I recently went to a talk on Reinforcement Learning (RL) in my local .Net development group.   I found the topic fascinating.  For those not familiar with Reinforcement learning; it is a type of unsupervised machine learning where the algorithm uses real-world feedback over time to learn what to do.   Instead of providing a set of training data it uses a reward system and many repetitions to learn a desired behavior.  It has become a hot topic after a reinforcement learning based AI called AlphaGo beat Lee Sedol, the world Go master in 4 out of 5 games.   Because of the complexity of Go, this wasn’t expected to happen in our lifetimes.

Reinforcement Learning Points

While reinforcement learning is very good at solving very specific types of problems it doesn’t yet seem to be a better replacement for many of the other AI algorithms that have been well developed.   For the most part, if you can solve a problem with another type of AI, it will give you a better solution, for now.    Reinforcement Learning is still relatively new and has a long way to go before it bests many of the other more developed AI methods.

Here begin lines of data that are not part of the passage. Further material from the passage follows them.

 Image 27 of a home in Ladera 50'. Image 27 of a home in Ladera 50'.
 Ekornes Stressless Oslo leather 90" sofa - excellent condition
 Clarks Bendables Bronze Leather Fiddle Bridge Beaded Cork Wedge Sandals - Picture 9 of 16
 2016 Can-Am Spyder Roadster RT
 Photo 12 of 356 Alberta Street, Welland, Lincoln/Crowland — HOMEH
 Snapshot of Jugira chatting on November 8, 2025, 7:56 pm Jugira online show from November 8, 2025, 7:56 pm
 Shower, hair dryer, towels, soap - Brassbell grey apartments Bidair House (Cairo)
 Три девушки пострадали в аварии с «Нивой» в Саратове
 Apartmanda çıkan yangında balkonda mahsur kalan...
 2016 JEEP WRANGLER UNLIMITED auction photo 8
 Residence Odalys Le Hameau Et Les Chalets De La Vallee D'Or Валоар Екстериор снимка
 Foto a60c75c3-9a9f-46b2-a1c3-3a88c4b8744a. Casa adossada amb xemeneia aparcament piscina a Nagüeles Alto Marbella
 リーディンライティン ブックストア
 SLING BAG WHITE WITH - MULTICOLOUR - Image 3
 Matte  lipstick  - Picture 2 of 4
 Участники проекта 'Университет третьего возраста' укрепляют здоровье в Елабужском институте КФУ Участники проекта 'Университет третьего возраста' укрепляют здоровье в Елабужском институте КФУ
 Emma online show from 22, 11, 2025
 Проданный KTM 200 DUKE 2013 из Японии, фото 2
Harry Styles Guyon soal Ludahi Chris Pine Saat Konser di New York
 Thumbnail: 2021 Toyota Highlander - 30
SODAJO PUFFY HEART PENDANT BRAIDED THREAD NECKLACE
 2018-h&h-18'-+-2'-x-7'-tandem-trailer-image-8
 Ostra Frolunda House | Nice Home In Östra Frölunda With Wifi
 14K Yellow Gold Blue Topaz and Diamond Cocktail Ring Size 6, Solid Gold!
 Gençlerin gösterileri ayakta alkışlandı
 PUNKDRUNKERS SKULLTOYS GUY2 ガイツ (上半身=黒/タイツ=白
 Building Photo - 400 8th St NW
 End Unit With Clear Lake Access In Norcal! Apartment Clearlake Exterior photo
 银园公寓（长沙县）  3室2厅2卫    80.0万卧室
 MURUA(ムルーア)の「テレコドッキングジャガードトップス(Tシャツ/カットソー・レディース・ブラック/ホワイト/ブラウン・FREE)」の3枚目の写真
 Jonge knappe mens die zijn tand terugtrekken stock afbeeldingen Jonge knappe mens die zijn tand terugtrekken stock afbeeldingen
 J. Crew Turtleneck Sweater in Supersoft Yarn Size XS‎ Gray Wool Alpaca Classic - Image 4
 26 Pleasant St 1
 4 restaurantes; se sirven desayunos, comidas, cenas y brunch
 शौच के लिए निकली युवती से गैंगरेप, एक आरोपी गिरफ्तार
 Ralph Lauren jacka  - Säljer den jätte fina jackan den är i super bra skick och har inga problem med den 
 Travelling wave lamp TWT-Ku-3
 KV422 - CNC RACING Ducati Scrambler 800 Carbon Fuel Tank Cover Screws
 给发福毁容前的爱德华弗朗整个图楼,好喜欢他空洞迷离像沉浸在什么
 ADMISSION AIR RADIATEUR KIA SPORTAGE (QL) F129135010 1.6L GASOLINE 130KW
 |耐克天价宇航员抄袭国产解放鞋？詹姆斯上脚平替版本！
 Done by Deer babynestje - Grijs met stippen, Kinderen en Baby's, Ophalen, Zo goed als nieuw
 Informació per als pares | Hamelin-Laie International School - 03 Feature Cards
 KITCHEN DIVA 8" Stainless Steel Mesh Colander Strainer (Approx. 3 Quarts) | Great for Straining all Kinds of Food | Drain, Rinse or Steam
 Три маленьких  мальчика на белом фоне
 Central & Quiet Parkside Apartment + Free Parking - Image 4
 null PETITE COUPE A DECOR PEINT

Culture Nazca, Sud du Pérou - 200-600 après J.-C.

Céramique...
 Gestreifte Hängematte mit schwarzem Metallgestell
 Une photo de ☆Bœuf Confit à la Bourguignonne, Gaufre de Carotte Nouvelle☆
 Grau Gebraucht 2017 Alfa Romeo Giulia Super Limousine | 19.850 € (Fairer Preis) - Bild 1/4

Think of a supply chain application that can leverage RL. It is about taking suitable action to maximize reward in a particular situation. It is employed by various software and machines to find the best possible behavior or path it should take in a specific situation. Reinforcement learning differs from the supervised learning in a way that in supervised learning the training data has the answer key with it, so the model is trained with the correct answer itself whereas, in reinforcement learning, there is no answer, but the reinforcement agent decides what to do to perform the given task. In the absence of training dataset, it is bound to learn from its experience.

RL’s advanced machine learning (ML) technique takes a very different approach to train models than other machine learning methods. Its superpower is that it learns very complex behaviors without requiring any labeled training data, and can make short term decisions while optimizing for a longer-term goal.  Wow! It is improving your supply chain by extensive training, both from human and computer decisions. A neural network is trained to predict improved supply chain decisions and selections. This neural net improves the strength of tree search, resulting in a higher quality of decision selection and improved outcomes in the next iteration.

So how do you dive into a topic like reinforcement learning and get lots of people playing with it and developing it?  I think Amazon has the right idea with the AWS DeepRacer, a fully autonomous 1/18th scale race car for developers driven by reinforcement learning. This product will make coding fun, and programmers will want to play with it.   I know because I’m a programmer, and I am interested in getting one.